Epik could provide compelling domain monetization strategy — and may spur more direct navigation.
When Rob Monster announced he was closing his venture capital shop, he wrote that he was working on a new company that could change domaining:
We are building a Web 3.0 platform that will be among the first to drive a network effect across domain properties, in part enabled by single sign-on, portable identity, portable reputation, and user-aware content management. Domainers have a huge opportunity to define the future of the web, much in the way a new city gets planned from the ground up. In essence, that is what Epik is about.
The first iteration of Epik launched last night, and today I sat down with Monster at Domain Roundtable in Washington D.C. to take Epik for a test drive.

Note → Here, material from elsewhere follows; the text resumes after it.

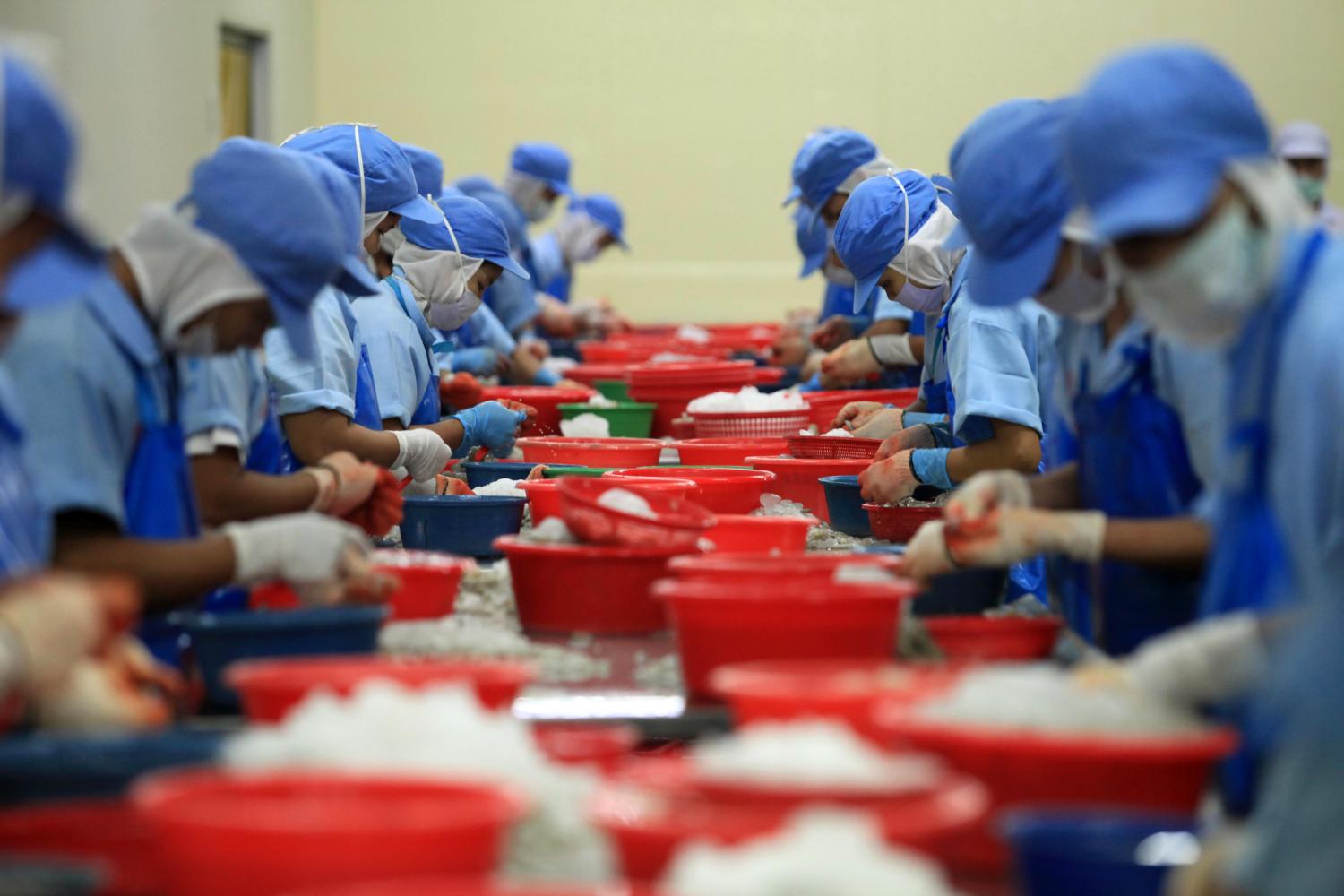 FTI demands clarity on factory measures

Epik enables domainers to build content-based sites in seconds. Utilizing a semantic web ontology of two million people, places, and things, Epik automatically sets up a five page web site on your domains. Epik has an exclusive license (for use on domains) for content from semantic web company Evri.
Epik is based on EVO Media Group’s DevHub technology. Monster was the first investor in EVO Media.
Domain owners can sign up at Epik.com and begin submitting domains. On Friday at 5 pm PDT, registered users who have already submitted domains through the system will get access to a list of all domains that map to Epik’s content nodes. This list will be a treasure trove for domainers, as it includes a list of domains that can be hand registered to quickly create web sites.
If your domains don’t currently match one of Epik’s unique and available nodes, the company will inform you if it becomes available in the future. One example I just created is brookhaven.us.
Monster thinks you’ll be impressed with the existing results, but says Epik will roll out new features quickly that encompass the components he described above.
Beyond just making money for domain owners, Monster says his company could swing the pendulum back to direct navigation. When people who search with direct navigation find what they want, they’re more inclined to use direct navigation in the future.
Monster believes domainers could be the largest beneficiary of the move to the semantic web. Hopefully Epik is the key to get there.